Und das 60-seitige Ausstellungsbegleitheft / Katalog , in deutsch, französisch, spanisch und englisch verfügbar, begeistert mich erneut. Darin wird jedes Gemälde, jede Fotografie, Kleid oder Schmuckstück im Kontext vom Leben, Leid und Leidenschaft von Frida Kahlo, ihrer Familie, ihrer Freunde und Liebhaber beschrieben – manches Geheimnis wird gelüftet. Ich habe es mir natürlich gekauft, damit ich auch zuhause nochmal alles nachvollziehen kann, was ich in der Ausstellung vielleicht übersehen haben könnte. Oft ein Anlass für mich, eine Ausstellung ein zweites Mal zu besuchen.   🙂

Ich bin Frau Dr. Remund und Herrn Gehrke sehr dankbar für diese interessante Begleitlektüre und ich bewundere außerordentlich, was hier mit viel Recherche und Ausarbeitung geschaffen wurde.

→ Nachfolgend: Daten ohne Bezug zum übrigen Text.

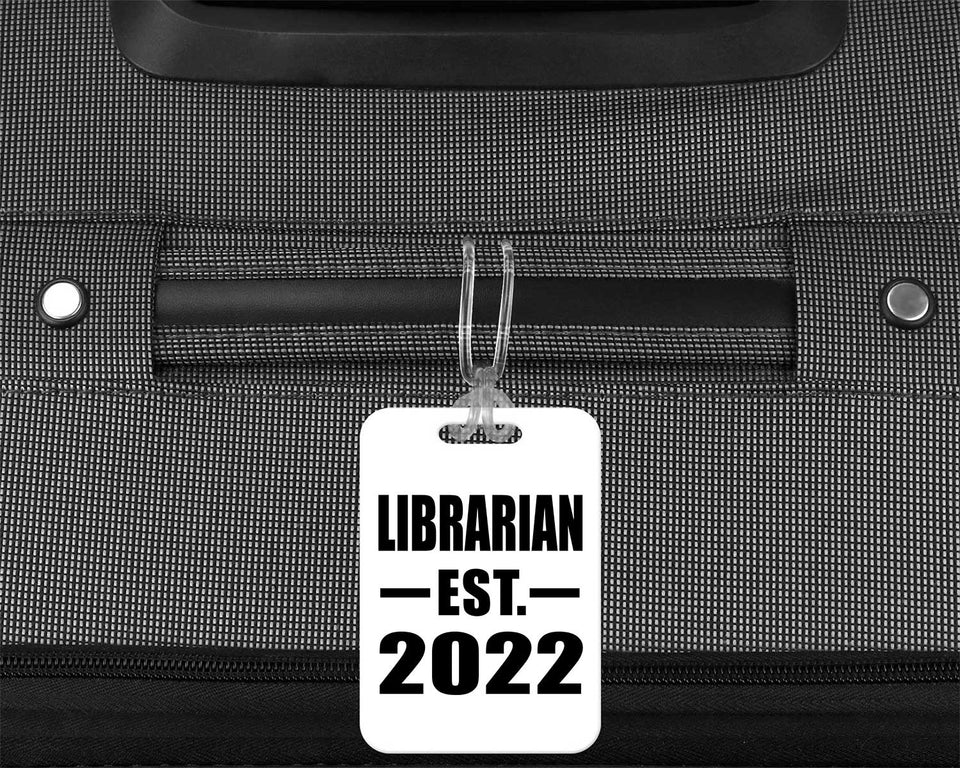 Librarian Established EST. 2022 - Luggage Bag Tag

Natürlich bin ich nicht gegangen, ohne mir eine neues Buch zu leisten – es ist für mich der krönende Abschluss eines wundervollen Erlebnistages im Kunstmuseum Gehrke-Remund in Baden-Baden … unbedingt zur Nachahmung empfohlen!

Das Buch enthält wunderschöne Fotos und die Liebesgeschichte von Frida Kahlo und dem Fotografen Nickolas Muray, den sie nie vergessen wird … so wie ich die wundervolle Ausstellung, die ich heute Besucht habe, nicht vergessen werde.

Meinen ganz herzlichen Dank noch an Herrn Gehrke, für die freundliche Begrüßung und die Informationen während des Besuches. Mein Wissen über Frida Kahlo  wurde wieder ein Stückchen erweitert   🙂

Hier noch ein paar Impressionen von den Räumen und der wunderschönen Ausstattung – ich habe mich gefühlt, als stände ich in Mexiko :

Solch eine einzigartige Ausstellung sieht man nicht alle Tage. Also unbedingt besuchen, wer die Gelegenheit hat!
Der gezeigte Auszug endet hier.